▶ **EXERCISE BRIEF**
Could you reproduce every record below exactly, excluding all pictures?

▶ **INFORMATION**
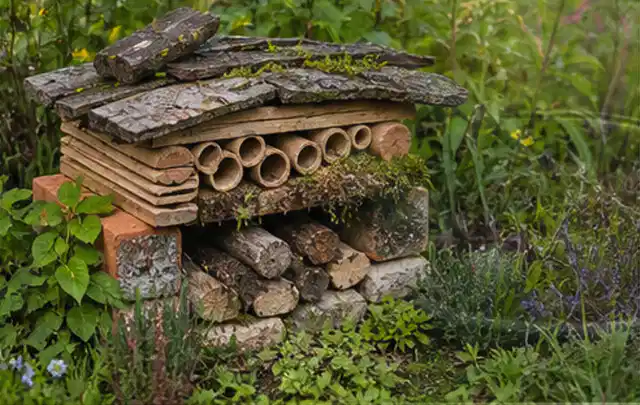 Naturnaher Unterschlupf aus Holz Rinde und Pflanzenstängeln im Garten; Thema Gabionen, Schwerpunkt Pflege; Praxisalltag.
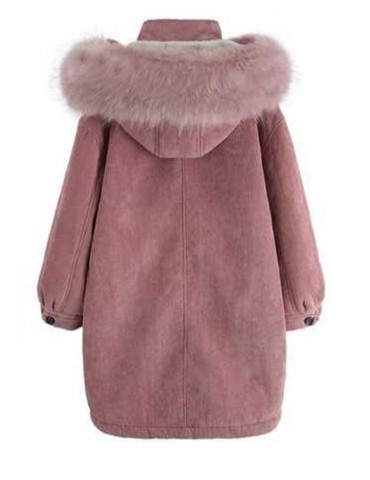 Casual Large Fur Collar Hooded Cotton Coat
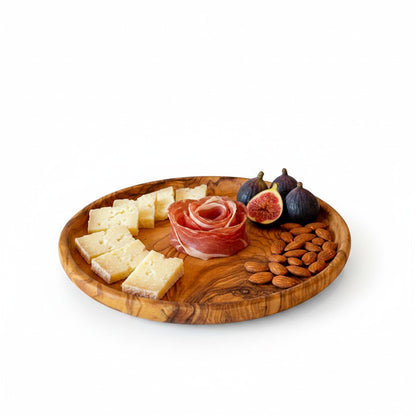 Handcrafted Olive Wood Round Plates - Individual Trays or 3pc Nesting Set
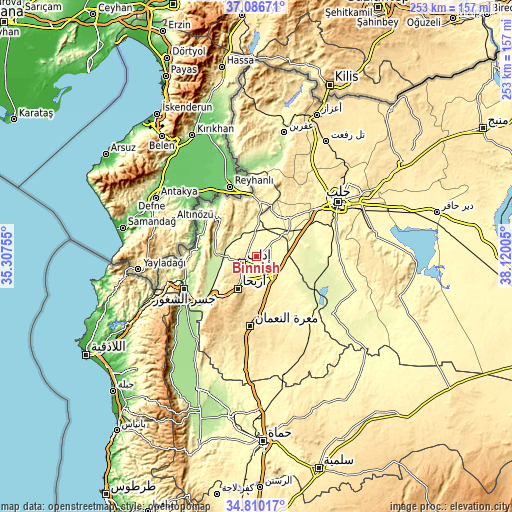 Topographic map of Binnish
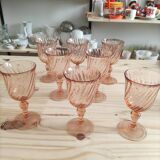 Ensemble de 8 verres à pied rose Rosaline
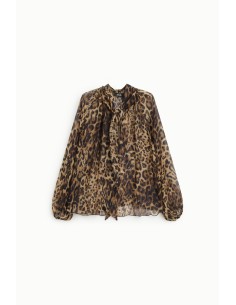 Wijde blouse met dierenprint en strik van Dixie 2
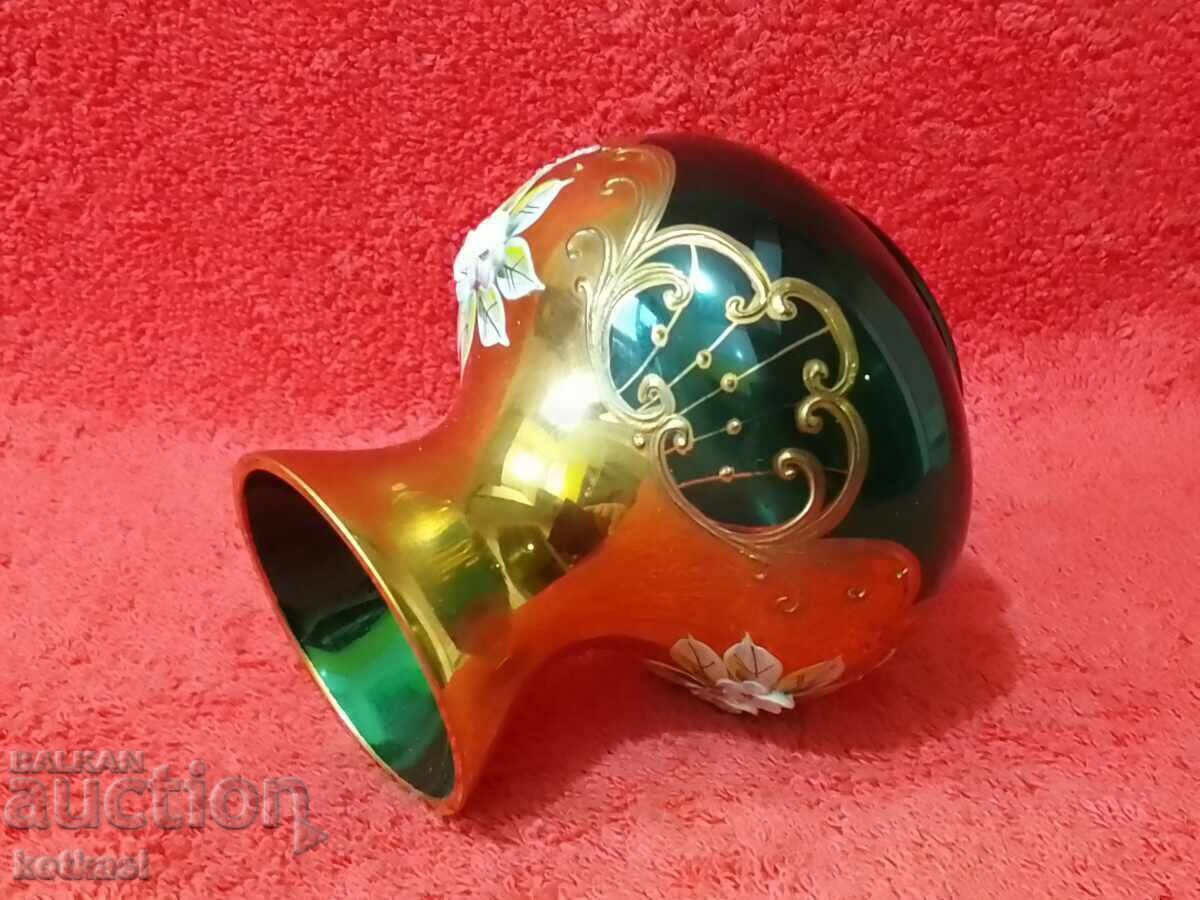 Old Vase, colored green Murano glass, hand-painted - 7
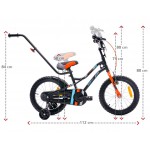 SUNBABY Rowerek dla chłopca 16 cali Tiger Bike z pchaczem czarno - pomarańczow - turkusowy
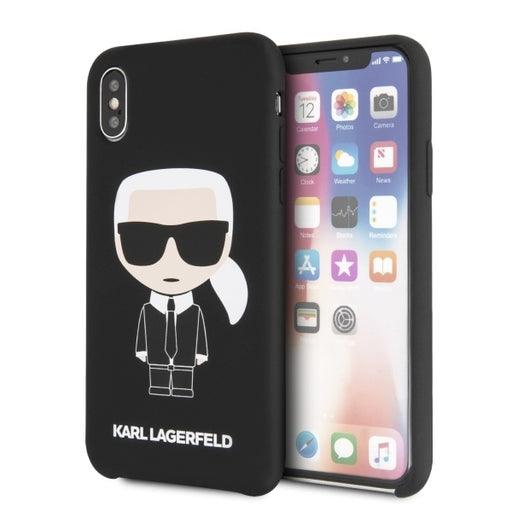 Karl Lagerfeld Hülle für iPhone X/Xs hardcase Schwarz Silikon Iconic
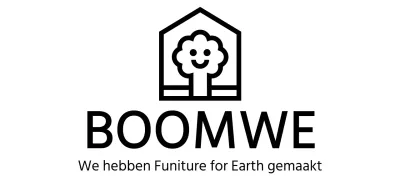 Ontwerp van een meubelbedrijf met merklogo met een boom in een huis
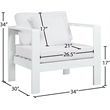 Meridian Furniture Nizuc White Outdoor Patio Arm Chair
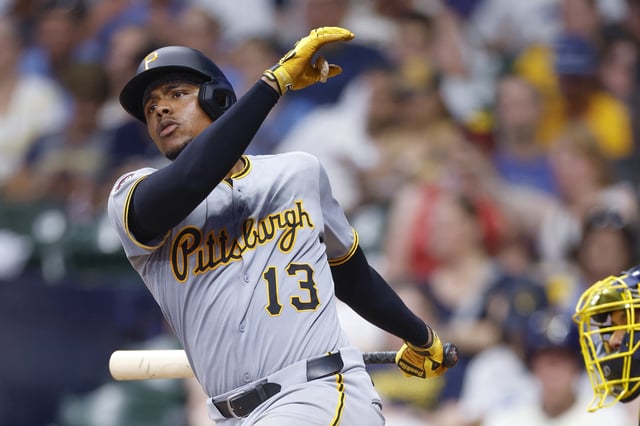 MILWAUKEE, WISCONSIN - JUNE 23: Ke&#39;Bryan Hayes #13 of the Pittsburgh Pirates swings the bat in the sixth inning during a game against the Milwaukee Brewers at American Family Field on June 23, 2025 in Milwaukee, Wisconsin.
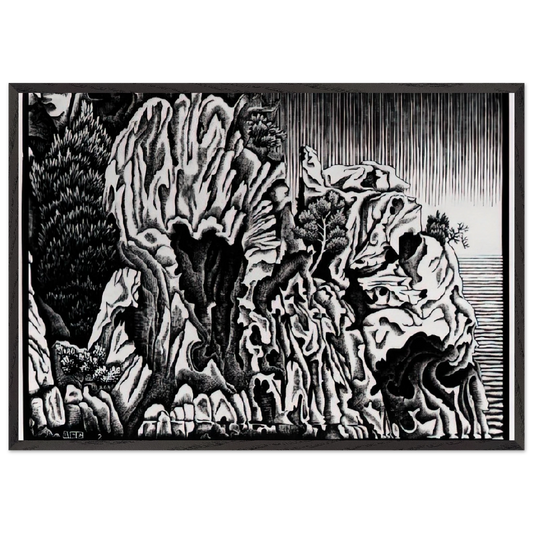 CALANCHE OF PIANA CORSICA FEBRUARY 1934 1934 - MC Escher 70x100 cm / 28x40 inches Framed Art Print – Black Wooden Frame | Maurits Cornelis Escher Prints
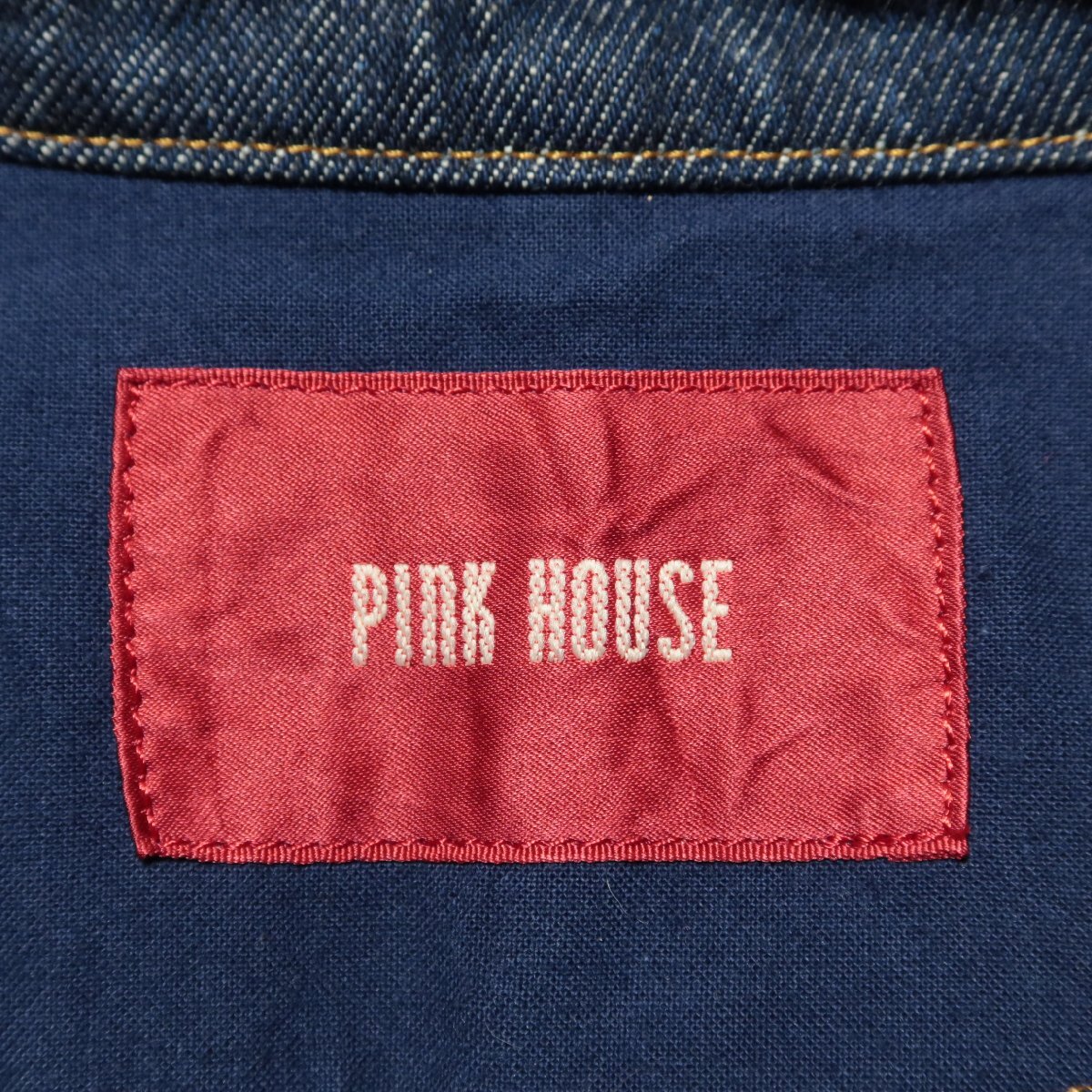  Pink House * adult pretty! Denim. the best collar attaching Zip up Logo & badge! cotton 100! Vintage! navy blue series z6541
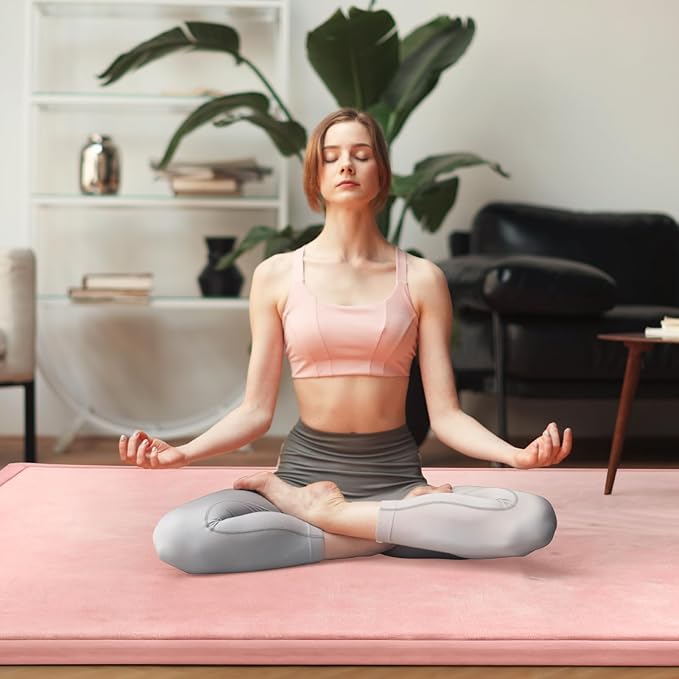 Baby Play Mat for Floor Tummy Time Nursery Rug Muscle Area Rug Playroom Tatami 50 * 50" Memory Foam 1.3" Thick Crawling Mat For Babies,Toddlers, Infants, Kids(Pink)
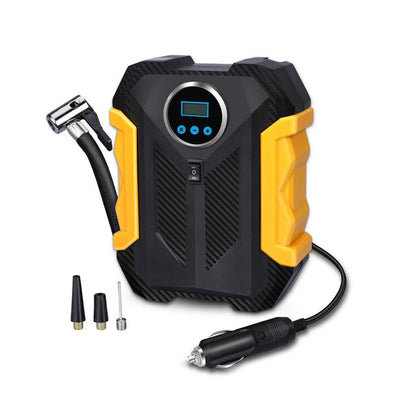 Portable 12V wheel-shaped car tyre air compressor with pressure gauge, view 4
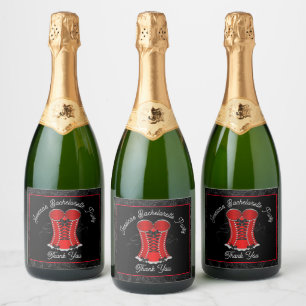 Étiquettes Pour Bouteilles De Vin Mousseux Corset Rouge Coquin 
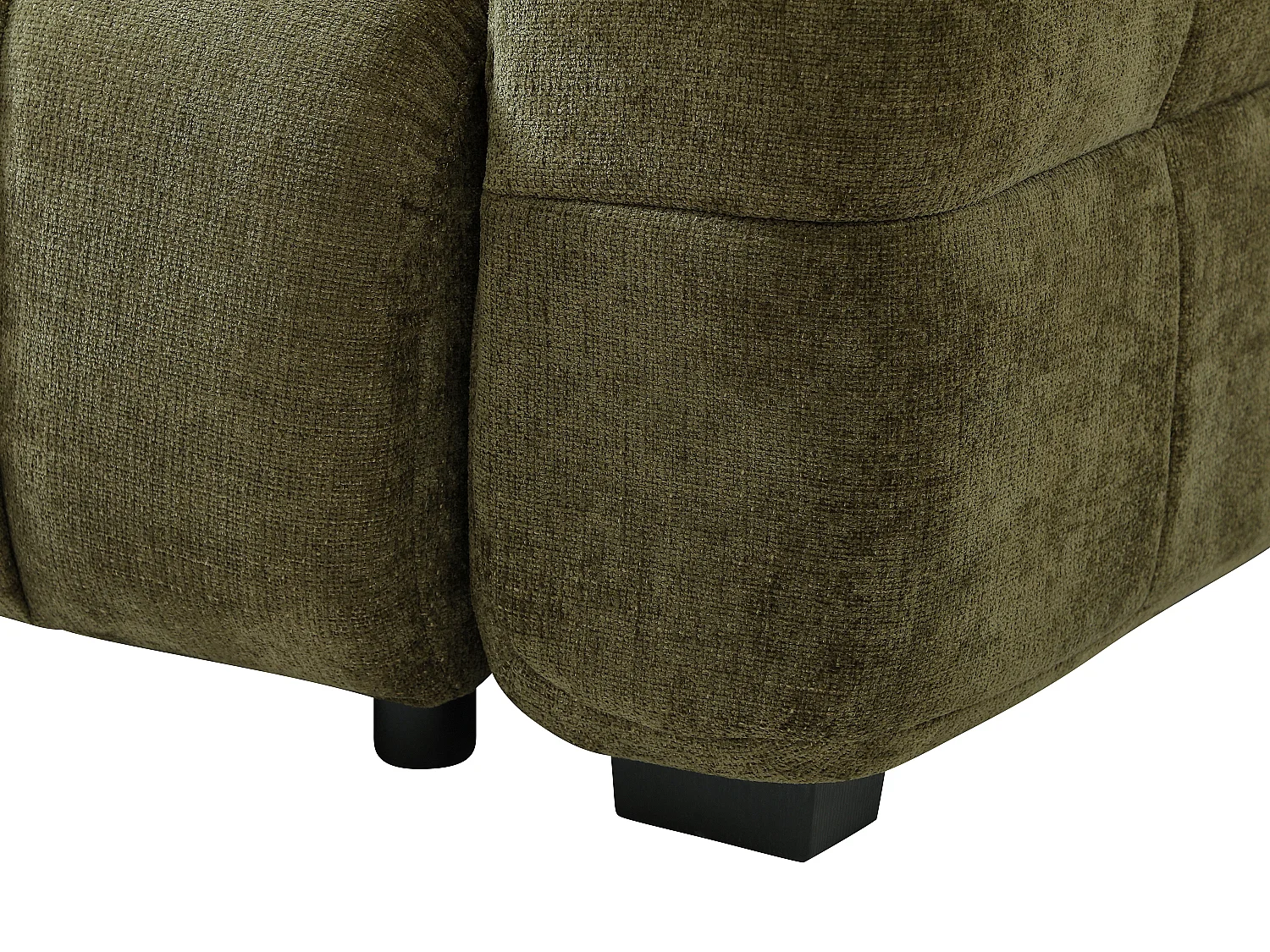 Canapé d'angle gauche convertible avec dossier méridienne en tissu chenille vert kaki CASORU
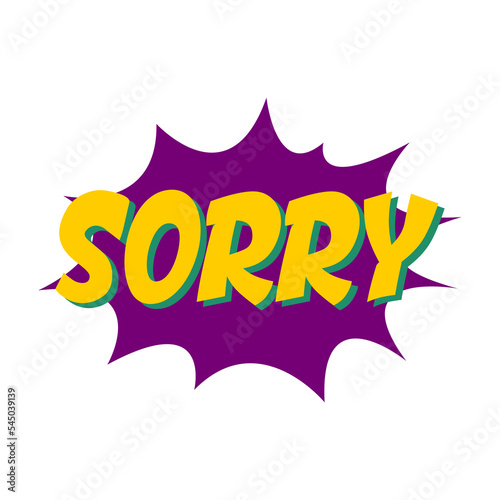 Sorry lettering icon vector in cartoon style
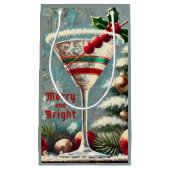 Retro 50er Cranberry Snowflake Weihnachten Martini Kleine Geschenktüte (Vorderseite)
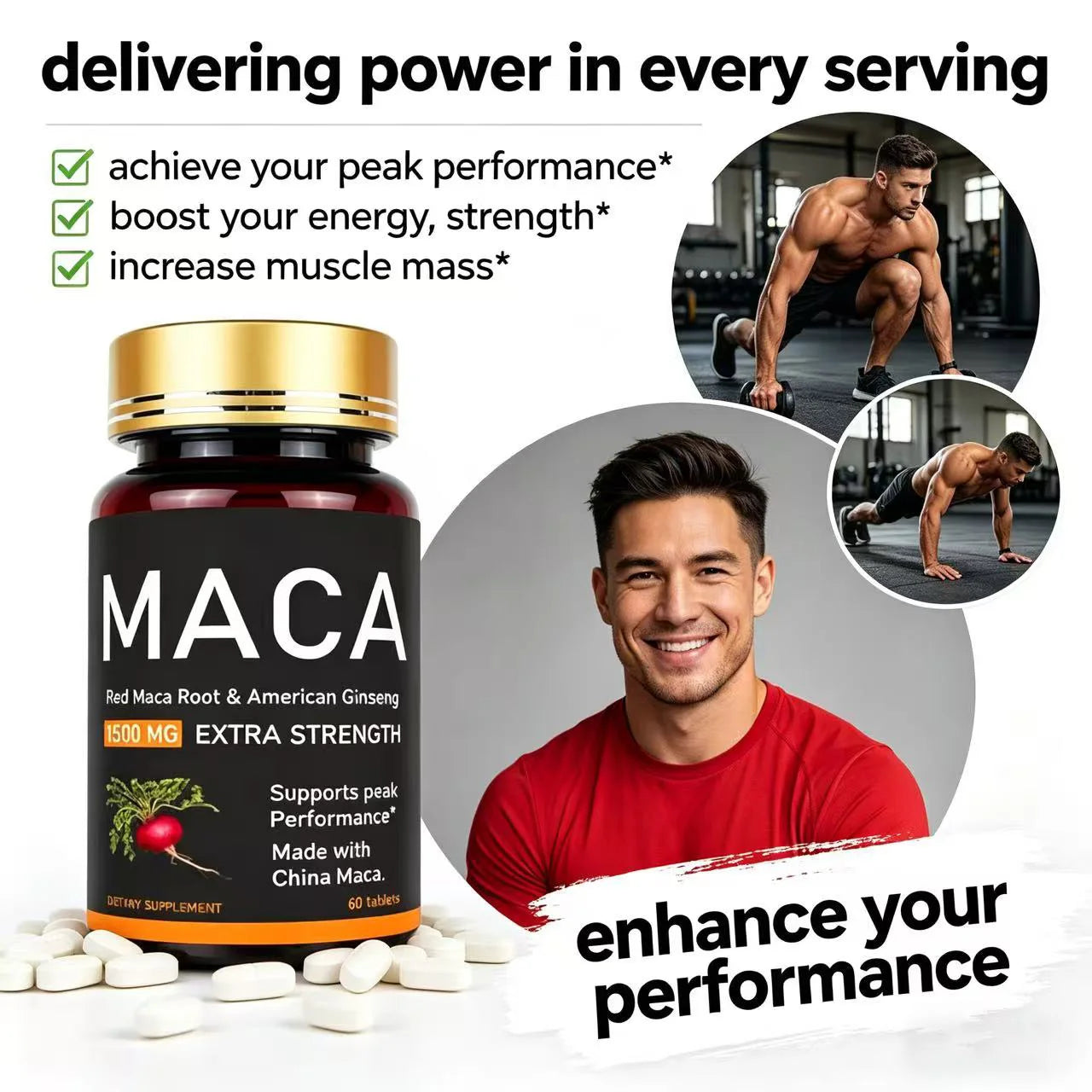 Premium Oyster, Maca & Ginseng Formula，Natural Male Performance Support | Male Enhancing for Stamina, Endurance & Muscle Growt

▶ **OUTPUT OF THE EXERCISE**
 Naturnaher Unterschlupf aus Holz Rinde und Pflanzenstängeln im Garten; Thema Gabionen, Schwerpunkt Pflege; Praxisalltag.
 Casual Large Fur Collar Hooded Cotton Coat
 Handcrafted Olive Wood Round Plates - Individual Trays or 3pc Nesting Set
 Topographic map of Binnish
 Ensemble de 8 verres à pied rose Rosaline
 Wijde blouse met dierenprint en strik van Dixie 2
 Old Vase, colored green Murano glass, hand-painted - 7
 SUNBABY Rowerek dla chłopca 16 cali Tiger Bike z pchaczem czarno - pomarańczow - turkusowy
 Karl Lagerfeld Hülle für iPhone X/Xs hardcase Schwarz Silikon Iconic
 Ontwerp van een meubelbedrijf met merklogo met een boom in een huis
 Meridian Furniture Nizuc White Outdoor Patio Arm Chair
 MILWAUKEE, WISCONSIN - JUNE 23: Ke&#39;Bryan Hayes #13 of the Pittsburgh Pirates swings the bat in the sixth inning during a game against the Milwaukee Brewers at American Family Field on June 23, 2025 in Milwaukee, Wisconsin.
 CALANCHE OF PIANA CORSICA FEBRUARY 1934 1934 - MC Escher 70x100 cm / 28x40 inches Framed Art Print – Black Wooden Frame | Maurits Cornelis Escher Prints
  Pink House * adult pretty! Denim. the best collar attaching Zip up Logo & badge! cotton 100! Vintage! navy blue series z6541
 Baby Play Mat for Floor Tummy Time Nursery Rug Muscle Area Rug Playroom Tatami 50 * 50" Memory Foam 1.3" Thick Crawling Mat For Babies,Toddlers, Infants, Kids(Pink)
 Portable 12V wheel-shaped car tyre air compressor with pressure gauge, view 4
 Étiquettes Pour Bouteilles De Vin Mousseux Corset Rouge Coquin 
 Canapé d'angle gauche convertible avec dossier méridienne en tissu chenille vert kaki CASORU
 Sorry lettering icon vector in cartoon style
 Retro 50er Cranberry Snowflake Weihnachten Martini Kleine Geschenktüte (Vorderseite)
 Premium Oyster, Maca & Ginseng Formula，Natural Male Performance Support | Male Enhancing for Stamina, Endurance & Muscle Growt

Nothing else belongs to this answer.